Родился Стоппард в 1937 г. в Чехословакии. Вскоре его семья эвакуировалась в Сингапур, затем – в Индию. С 1946 г. они переселились в Англию, что и определило язык радиопьес. Первая пьеса, принесшая ему известность, – «Розенкранц и Гильденстерн мертвы» (1966). Она включена в программу многих английских школ. В ней обычный для Стоппарда прием деконструкции известного текста, в данном случае «Гамлета» Шекспира, в непременно оригинальной стоппардовской интерпретации.
Он оставляет ведущими в своей пьесе такие шекспировские мотивы, как «Весь мир – театр», жизнь – смерть, соотношение человеческого произвола и воли Судьбы, предначертанности событий.

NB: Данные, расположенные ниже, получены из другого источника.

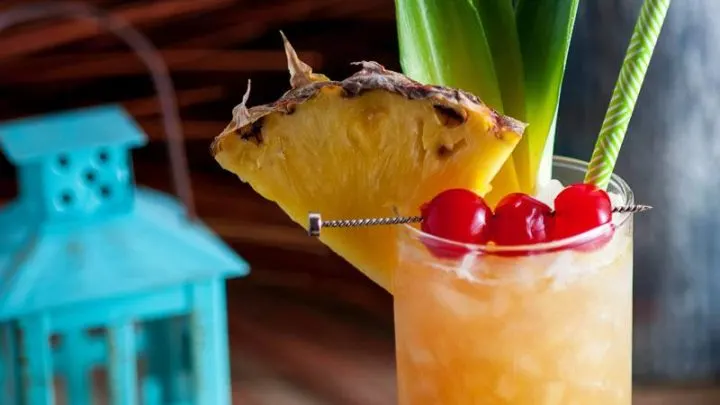 The Fall in Paradise Cocktail garnished with cherries, pineapple wedge and pineapple leaves.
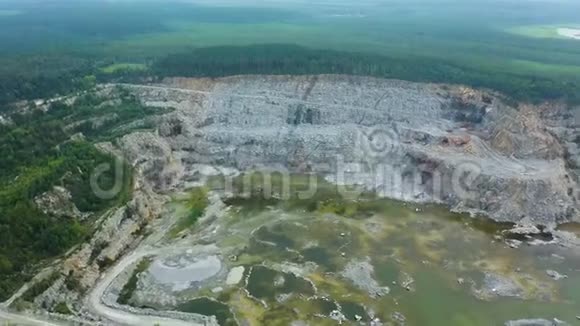 露天采石场的俯视图用工作卡车在露天坑上站立的灰色灰尘的全景采矿业概念视频的预览图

Они интерпретируются гротескно, в поэтике абсурда.
Но главное – он увидел «нестыковку» в разнотолкованиях между романтизацией высоких духовных устремлений Гамлета в решении великих вопросов бытия и явленностью его поступков, завершившихся кровавой резней пятого акта. В конец своей драмы Стоппард вводит финальный шекспировский текст как подтверждение, что симулякр был виден самому Шекспиру, а не выдуман Стоппардом. Читаем, Горацио:
«Гамлет» в трактовке Стоппарда изменяется до неузнаваемости. Е. Гришина справедливо назвала свою статью «Анти-Гамлет» [6].
На авансцене оказываются герои шекспировского закулисья – малоприметные, незадачливые придворные Розенкранц и Гильденстерн, причем сразу объявлено, что они мертвы. Вслед за этим структурным изменением трансформируется и конфликт, и образная система, и моральная точка зрения. Представлена современному читателю субъективная (в соответствии с постулатами экзистенциализма, постмодерна) интерпретация шедевра автором, чье видение, фокуляризация – из современности.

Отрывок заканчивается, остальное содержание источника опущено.